What are we to make of this? For the Commission to dismiss the White Paper, which blatantly engaged in “cherry-picking” bits of the single market and transgressed the sanctified free movement rule, was to be expected. But why couple that with a calculated campaign to spread alarm and despondency among European states about the most likely result – a no-deal exit? It is just possible that the Commission (like its Remainer friends here) is genuinely confused and worried: it has over-played its hand and must now try to prepare the ground for the ensuing calamity by implying that this ending was inevitable. We were, they might be preparing to say, just upholding the precious Fundamental Principles: the resulting damage isn’t our fault. Who knew that the British would be so intransigent?
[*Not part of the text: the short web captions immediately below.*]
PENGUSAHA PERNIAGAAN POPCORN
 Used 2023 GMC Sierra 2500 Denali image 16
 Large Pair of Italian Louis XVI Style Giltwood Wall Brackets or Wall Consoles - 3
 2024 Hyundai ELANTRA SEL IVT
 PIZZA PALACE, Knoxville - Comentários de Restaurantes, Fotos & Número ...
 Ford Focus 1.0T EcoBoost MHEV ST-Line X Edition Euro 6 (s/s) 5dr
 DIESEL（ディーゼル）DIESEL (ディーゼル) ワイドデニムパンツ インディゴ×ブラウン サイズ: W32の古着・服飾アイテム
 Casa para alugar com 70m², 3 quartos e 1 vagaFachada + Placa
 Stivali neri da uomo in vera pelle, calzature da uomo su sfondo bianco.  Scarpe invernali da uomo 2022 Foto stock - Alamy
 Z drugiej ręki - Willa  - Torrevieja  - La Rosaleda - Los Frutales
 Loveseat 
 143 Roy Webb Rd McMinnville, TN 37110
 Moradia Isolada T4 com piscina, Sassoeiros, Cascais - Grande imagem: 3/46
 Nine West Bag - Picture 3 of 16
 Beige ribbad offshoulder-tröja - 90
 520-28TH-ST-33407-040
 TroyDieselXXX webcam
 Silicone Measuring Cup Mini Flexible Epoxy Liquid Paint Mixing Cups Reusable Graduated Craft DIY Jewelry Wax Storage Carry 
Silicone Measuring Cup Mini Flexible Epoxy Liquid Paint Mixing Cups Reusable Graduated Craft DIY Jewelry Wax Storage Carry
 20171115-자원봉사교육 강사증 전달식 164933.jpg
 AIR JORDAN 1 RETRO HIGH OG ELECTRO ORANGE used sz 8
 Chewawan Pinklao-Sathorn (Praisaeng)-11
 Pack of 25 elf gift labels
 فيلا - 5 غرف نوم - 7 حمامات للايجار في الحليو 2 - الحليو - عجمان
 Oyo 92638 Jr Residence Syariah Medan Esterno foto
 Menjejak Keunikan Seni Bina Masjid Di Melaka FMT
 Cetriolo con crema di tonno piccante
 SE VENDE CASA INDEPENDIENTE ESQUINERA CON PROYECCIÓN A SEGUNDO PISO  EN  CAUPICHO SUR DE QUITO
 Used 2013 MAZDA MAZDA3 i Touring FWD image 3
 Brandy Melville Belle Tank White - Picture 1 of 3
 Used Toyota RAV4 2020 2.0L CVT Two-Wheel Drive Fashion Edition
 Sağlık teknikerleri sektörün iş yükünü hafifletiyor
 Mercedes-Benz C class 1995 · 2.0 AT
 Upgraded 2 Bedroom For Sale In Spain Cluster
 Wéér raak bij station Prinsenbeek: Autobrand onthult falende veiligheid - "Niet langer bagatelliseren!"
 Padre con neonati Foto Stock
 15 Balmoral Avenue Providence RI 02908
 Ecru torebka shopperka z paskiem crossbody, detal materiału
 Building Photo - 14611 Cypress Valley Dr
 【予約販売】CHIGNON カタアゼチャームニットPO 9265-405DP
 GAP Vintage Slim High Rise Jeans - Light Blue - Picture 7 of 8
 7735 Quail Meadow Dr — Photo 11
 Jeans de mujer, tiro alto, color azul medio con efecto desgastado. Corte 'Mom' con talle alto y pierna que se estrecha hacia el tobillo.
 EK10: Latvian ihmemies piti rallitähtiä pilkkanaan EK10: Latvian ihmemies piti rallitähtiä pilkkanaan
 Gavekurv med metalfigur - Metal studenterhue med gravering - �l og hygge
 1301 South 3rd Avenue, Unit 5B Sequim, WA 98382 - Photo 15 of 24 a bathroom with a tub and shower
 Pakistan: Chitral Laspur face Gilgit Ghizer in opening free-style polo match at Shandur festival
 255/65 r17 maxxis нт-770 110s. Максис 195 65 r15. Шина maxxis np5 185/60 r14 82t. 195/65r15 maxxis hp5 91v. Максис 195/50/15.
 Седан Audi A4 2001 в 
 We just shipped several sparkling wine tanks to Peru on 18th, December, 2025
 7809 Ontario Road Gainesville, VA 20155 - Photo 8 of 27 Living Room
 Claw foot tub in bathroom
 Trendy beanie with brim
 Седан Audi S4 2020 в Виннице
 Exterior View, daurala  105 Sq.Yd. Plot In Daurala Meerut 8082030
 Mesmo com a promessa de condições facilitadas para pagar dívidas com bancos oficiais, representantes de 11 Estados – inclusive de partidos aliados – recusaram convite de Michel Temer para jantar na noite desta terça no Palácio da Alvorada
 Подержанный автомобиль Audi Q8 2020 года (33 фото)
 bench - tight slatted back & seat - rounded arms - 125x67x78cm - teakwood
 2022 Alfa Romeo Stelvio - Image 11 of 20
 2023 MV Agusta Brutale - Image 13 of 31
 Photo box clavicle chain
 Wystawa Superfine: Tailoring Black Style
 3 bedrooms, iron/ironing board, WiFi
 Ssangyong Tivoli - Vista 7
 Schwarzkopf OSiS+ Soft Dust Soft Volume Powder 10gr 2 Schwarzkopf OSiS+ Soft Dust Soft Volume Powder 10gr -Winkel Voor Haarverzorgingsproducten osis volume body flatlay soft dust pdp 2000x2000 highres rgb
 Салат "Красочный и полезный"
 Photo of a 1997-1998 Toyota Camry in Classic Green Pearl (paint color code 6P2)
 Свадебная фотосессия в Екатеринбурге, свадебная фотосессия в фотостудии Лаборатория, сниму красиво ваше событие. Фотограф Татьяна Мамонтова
To judge by the latest statements from the Commission’s best friend, Leo Varadkar, the EU mood has become vaguely hysterical. As the Brexit Blog has noted, Dublin’s threat to ban British planes from flying through Ireland’s airspace would, carried to its logical conclusion, mean that Mr Varadkar would have to take a boat to future EU summit meetings. Has everyone gone mad?

There are a very small number of plausible explanations for these events. One is that the EU Commission (which is to say Mr Barnier and possibly Jean Claude Juncker, at least before lunch) are engaged in a rational, calculated effort to establish that they always understood the risks of their own hard line in these negotiations: the outcome may have been regrettable but it could not have been avoided given the need to preserve the Fundamental Principles. I would give that account seven out of ten on the scale of likelihood.

Another possibility is that they are actually preparing the ground for some major concessions to Britain by scaring the living daylights out of all those French farmers, Italian olive oil producers and German car makers who, as they now admit, have so much to lose. That seems to me to rate no more than one out of ten, since a climbdown of this order would be a gross humiliation for Team Barnier. Then of course, there is the most likely explanation of all: that the Commission has been in bad faith all along. That it made a succession of bravura mistakes, rooted in arrogance and ignorance of the strength of the British commitment to its own democratic institutions and the character of its people.